The diabetes visit should be guided by the physician, making sure that the patient’s concerns and needs are addressed and relevant clinical and behavioral data are obtained. Pre-visit labs should have been drawn and available. Relevant recent labs should also be available during the visit. This allows the physician and patient to discuss A1C values and medication adjustments in-person and eliminates the very time-consuming task of calling a patient and adjusting medications after a patient has left the office. Meaningful diabetes encounters use proven approaches to encourage patient engagement (e.g., shared decision making and motivational interviewing), allow for patients to play a role in developing their treatment plans, and integrate education and goal setting tailored to patients’ specific needs and preferences. Vaccines due can be administered via standing orders. Point-of-care alerts, clinical decision support tools, order sets, and standardized education can help facilitate the diabetes visit. Innovative approaches, such as “teamlet” models and “scribing” can help improve the efficiency and effectiveness of the diabetes visit.

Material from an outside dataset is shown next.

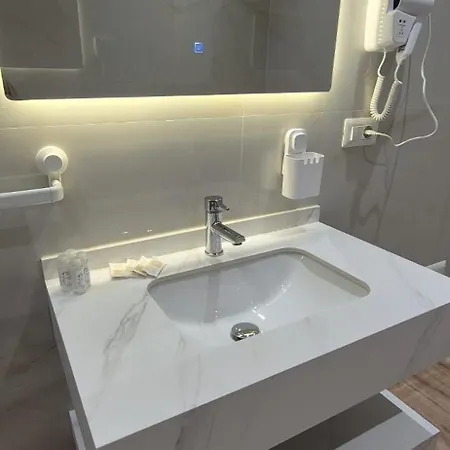 Affittacamere Denny's House Vlorë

It is important to develop a system for the end of a patient encounter that supports careful review of the after-visit summary to ensure that patients understand and can execute their care plans and goals, including a plan to order labs just prior to their next visit. This review should be supplemented with patient education materials and referrals to community resources as well as referrals to specialists (e.g., certified diabetes educators), as appropriate, to aid patients in their diabetes self-management and support at recommended intervals.2 It is particularly important that patients leave the office with a clear understanding of medication management, especially for newly diagnosed patients and those with medication or therapy adjustments. The National Diabetes Education Program’s (NDEP’s) Promoting Medication Adherence in Diabetes has more information on this topic. Referrals to diabetes education programs may be arranged every year.

A system should also be in place for communicating with patients between visits. If pre-visit labs were not drawn, and new lab results are obtained at the current visit or soon after, this may include calling patients to review lab results and assessing how patients are doing with their self-management goals. Intra-visit communications may be offered to all patients with diabetes, or health care practices may choose to focus specifically on patients who are not at goal for a particular clinical value (e.g., elevated A1C, lipids, or blood pressure). Health care practices can use population management strategies or flow sheets3 to identify and track patient progress and guide communication decisions. To make inter-visit communications manageable, practices should streamline the process, relying on automated notifications, patient portals, and/or dedicated team members (e.g., care coordinators) to facilitate the process.